MID air Collision Avoidance System Standardisation Support Phase (MIDCAS SSP)
The aim of the MIDCAS programme was to provide the technical content of a collision avoidance system standard proposal for RPAS and thus to contribute to the RPAS integration in civilian airspace by proposing a baseline of solutions for the “Unmanned Aircraft System Mid-air Collision Avoidance Function” acceptable by manned aviation. The original MIDCAS project started in September 2009 and was completed in 2015. MIDCAS SSP was its continuation with a focus on supporting and progressing standardization, mainly in EUROCAE. MIDCAS SSP has generated substantial progress: the experience and knowledge gained by the people involved in MIDCAS is a unique resource available for continued European efforts in this field.
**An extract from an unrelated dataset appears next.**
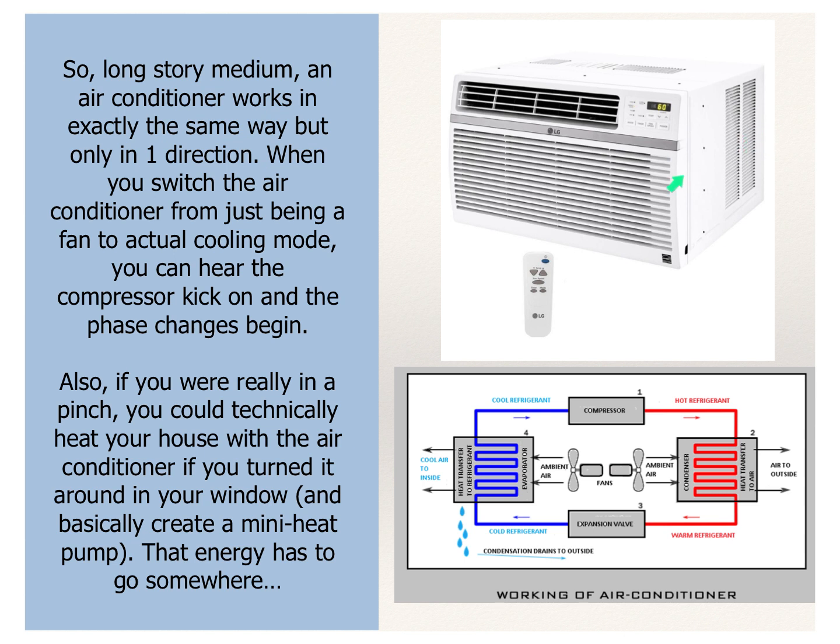That energy has to go somewhere, which is why the back of an air conditioner always needs to go out a window — you have to have some sort of vent. It's impossible to just put one of these in the middle of a room and expect it to cool the room. You can't plug something in to make cold. If you're adding energy to this air conditioner, expect one side to be cool but the other side to be hot. So don't ever just put it on a table in the middle of your room.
DeSIRE2: Demonstration of Satellites enabling the Insertion of RPAS in Europe
EDA and the European Space Agency (ESA) established their cooperation in the RPAS sector in 2010 and launched the joint DeSIRE project in 2012, with the aim of to demonstrate the safe integration of RPAS in non-segregated airspace using satellites capabilities for RPAS command and control, air traffic control communications and mission data transfer to ground. A follow-on project with ESA, DeSIRE2, was launched in 2014 and aimed at developing and demonstrating services based on a Remotely Piloted Aircraft flying in Beyond Radio Line of Sight (BRLOS). The project concluded at the beginning of 2019 and its scope was reduced due to the mishap of the RPAS intended to be used for the flight tests. Nevertheless, the project did produce interesting results: its main outcomes are related to the characterization of SatCom channels (Ka and L band) in terms of latency, continuity, integrity and availability. DeSIRE2 is also the basis for an ongoing activity, the CRUISE project funded by ESA to deliver a cybersecurity test range for RPAS.
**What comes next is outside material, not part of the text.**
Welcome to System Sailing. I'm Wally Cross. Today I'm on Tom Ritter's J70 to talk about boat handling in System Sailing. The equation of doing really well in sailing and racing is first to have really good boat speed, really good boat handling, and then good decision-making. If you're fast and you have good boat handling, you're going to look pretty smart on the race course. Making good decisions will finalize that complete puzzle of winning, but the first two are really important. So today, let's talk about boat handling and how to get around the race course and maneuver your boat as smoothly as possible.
Remote Pilot Station (RPS) Standardisation
The project’s main objective was to support standardisation of the Remote Pilot Station to be used in EASA's certified operations category, with a focus on certification and Air Traffic Integration requirements. The project concluded at the beginning of 2019 with the delivery of the Safety and Performance Requirements Document for Remote Pilot Stations Supporting IFR Operations in Controlled Airspace to EUROCAE for internal review. The consortium is still active at EUROCAE even after the project’s closure and is leading the production of the main formal standardization document in the working group: the MASPS (Minimum Aviation System Performance Specification) which will be issued for open consultation at EUROCAE.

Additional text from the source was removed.